Павел увидел, что русские войска сражаются из-за чужих интересов, союзники в высшей степени своекорыстны, к тому же недостаточно внимательны к его войскам и полководцам. Так венский придворный военный совет («гофкригсрат») ставил разные препятствия планам Суворова, отозвал от него австрийские войска, русскую армию оставлял без провианта, фуража и даже проводников. В значительной мере благодаря австрийцам русский корпус под начальством Римского-Корсакова, находившийся в Швейцарии, был разбит французами и отброшен к северу, что воспрепятствовало ему соединиться с армией Суворова. Затем скоро же обнаружилось все своекорыстие Австрии. Италия, освобожденная от французов, была захвачена австрийцами, которые, утвердившись в ней, отказывались восстановить сардинского короля в его владениях и разными мерами подавляли всякое стремление среди итальянских народов к объединению и самостоятельности.
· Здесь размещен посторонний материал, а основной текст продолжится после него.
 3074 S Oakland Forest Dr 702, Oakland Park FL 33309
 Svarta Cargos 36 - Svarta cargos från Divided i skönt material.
Англичане тоже оказались не лучше австрийцев. Русский корпус Германа частью по их вине потерпел в Голландии поражение, остатки же войска были отвезены англичанами на зимние квартиры на остров Джерсей, где русские солдаты терпели крайнюю нужду в продовольствии и одежде. Узнав о лишениях своих солдат, Павел был страшно обижен и разгневан на Англию. К тому еще присоединилось одно обстоятельство, которое было последней каплей горечи для Павла. Англичане заняли Мальту, и когда Павел, как магистр ордена, потребовал возвращения ее ордену, они ему в этом отказали. Павел был вне себя от негодования, отозвал своего посла из Лондона графа Воронцова и распорядился в мае 1800 г. о том, чтобы английский посол лорд Уитворт выехал из России.
Арьергард папы
При таких обстоятельствах произошел разрыв России с союзниками. Правда, австрийские и английские дипломаты пытались смягчить неудовольствие Павла, были пущены в ход золото, тайные закулисные влияния и даже родственные связи. Сама императрица Мария Федоровна ходатайствовала за Австрию, но не могла даже неоднократными просьбами поколебать императора. Вокруг него в то время группировался другой кружок лиц, из которых докладчиком по иностранным делам был граф Ростопчин, бывший противником коалиции. Естественным последствием разрыва России с союзными державами было сближение ее с Францией, что вызывалось также событиями, происшедшими в самой Франции.
Переворот 18 брюмера превратил генерала Бонапарта в первого консула, а битва при Маренго (весной 1800 г.), в которой Бонапарт одержал решительную победу над австрийцами, вернула Франции Италию и вознесла еще на большую высоту гениального полководца. Эту перемену превосходно понял Павел. В сентябре 1800 года он, по сообщению датского посланника Розенкранца, объясняя перемену русской политики, говорил последнему: «Политика его (Павла) вот уже три года остается неизменной и связана с справедливостью там, где его величество полагает ее найти. Долгое время он был того мнения, что справедливость находится на стороне противников Франции, правительство которой угрожало всем державам. Теперь же в этой стране в скором времени водворится король, если не по имени, то, но крайней мере, по существу, что изменяет положение дел. Он бросил сторонников этой партии, которая и есть австрийская, когда обнаружилось, что справедливость не на ее стороне. То же самое он испытал относительно англичан. Он склоняется единственно в сторону справедливости, а не к тому или другому правительству, к той или другой нации, и те, которые иначе судят о его политике, положительно ошибаются».
Приготовление к вахтпараду при Павле I
Император Павел Петрович принес на престол унаследованную им от отца и пышно развившуюся в гатчинском бездействии страсть к фронтовому учению на прусский манер. Свой деловой день в Петербурге он, по примеру Фридриха II, начинал вахтпарадом на плацу перед дворцом для отдельных частей столичного гарнизона по наряду. Раздражительность императора Павла проявлялась на этих парадах в самых несдержанных и резких формах, часто по ничтожным поводам. Малейшая неисправность в амуниции, едва заметная неточность в фронтовых движениях или ружейных приемах вызывали у него бурные припадки гнева, во время которых, по свидетельству современников, лицо его покрывалось пятнами, глаза расширялись и вспыхивали недобрыми огоньками, с уст срывались сиповатым перехваченным голосом грубые и жестокие слова, а иногда государь доходил до того, что собственноручно бил тростью виноватых офицеров. Из-за пустяков офицеры разжаловались в рядовые или прямо с парада ехали в ссылку, служить в глухой провинции; целые полки иногда подвергались опале и штрафам.